(Captioned web images)
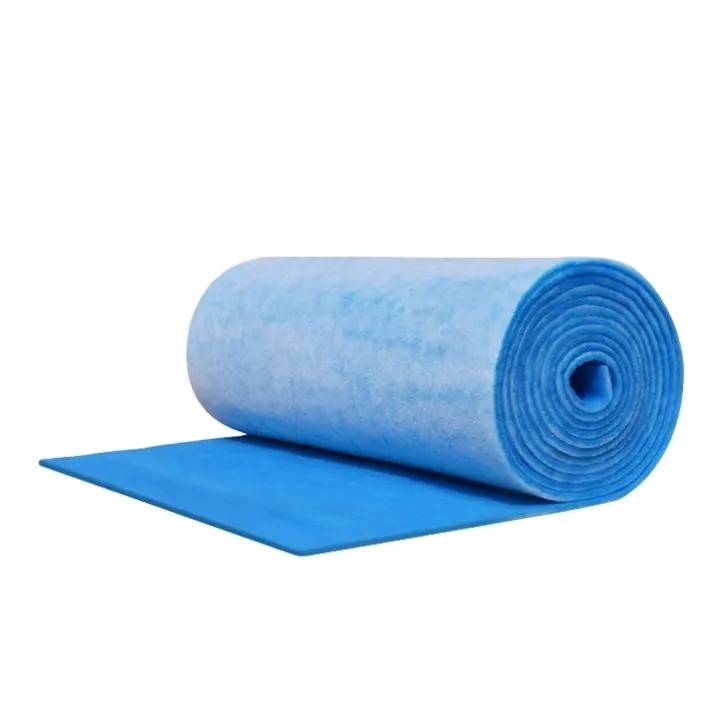 Aire acondicionado blanco-azul, material sintético, filtro de aire, fabricantes de medios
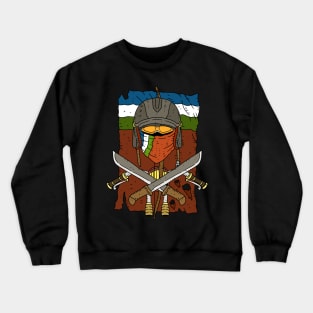 Maluku flag with motorcycle. Crewneck Sweatshirt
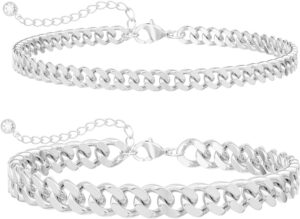Gold Ankle Bracelets for Women Wate...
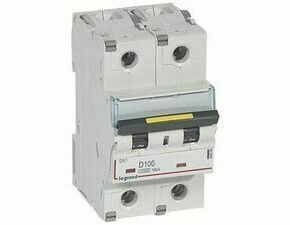 Jistič dvoupolový LEGRAND 409459 DX3 2P D100 10000A/16KA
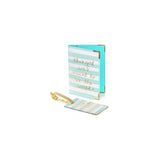 Porta Documentos y Tarjetas billetera de viaje blanco y azul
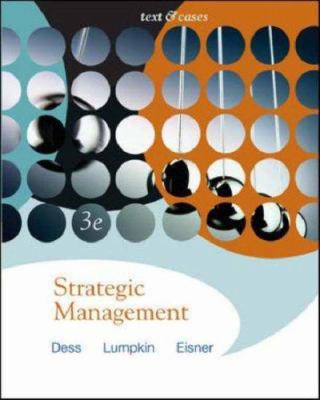 Strategic Management: Text and Cases 0073102466 Book Cover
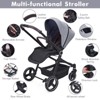 Foldable Baby Stroller, High Landscape Pushchair for Newborn - 4 of 4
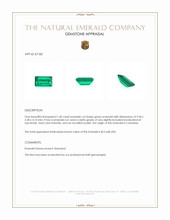 1.60 Ct. Emerald from Colombia Appraisal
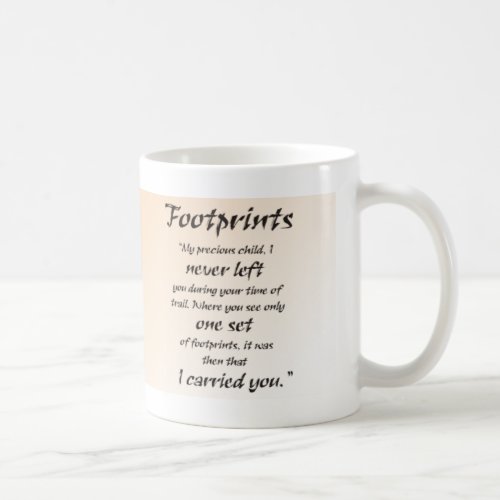 Jesus Footprints Coffee Mug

### Your instructions
When you transcribe the entries above, keep every word exact and leave out the pictures.

### Written answer
 Aire acondicionado blanco-azul, material sintético, filtro de aire, fabricantes de medios
 Maluku flag with motorcycle. Crewneck Sweatshirt
Gold Ankle Bracelets for Women Wate...
 Jistič dvoupolový LEGRAND 409459 DX3 2P D100 10000A/16KA
 Porta Documentos y Tarjetas billetera de viaje blanco y azul
 Strategic Management: Text and Cases 0073102466 Book Cover
 Foldable Baby Stroller, High Landscape Pushchair for Newborn - 4 of 4
 1.60 Ct. Emerald from Colombia Appraisal
 Jesus Footprints Coffee Mug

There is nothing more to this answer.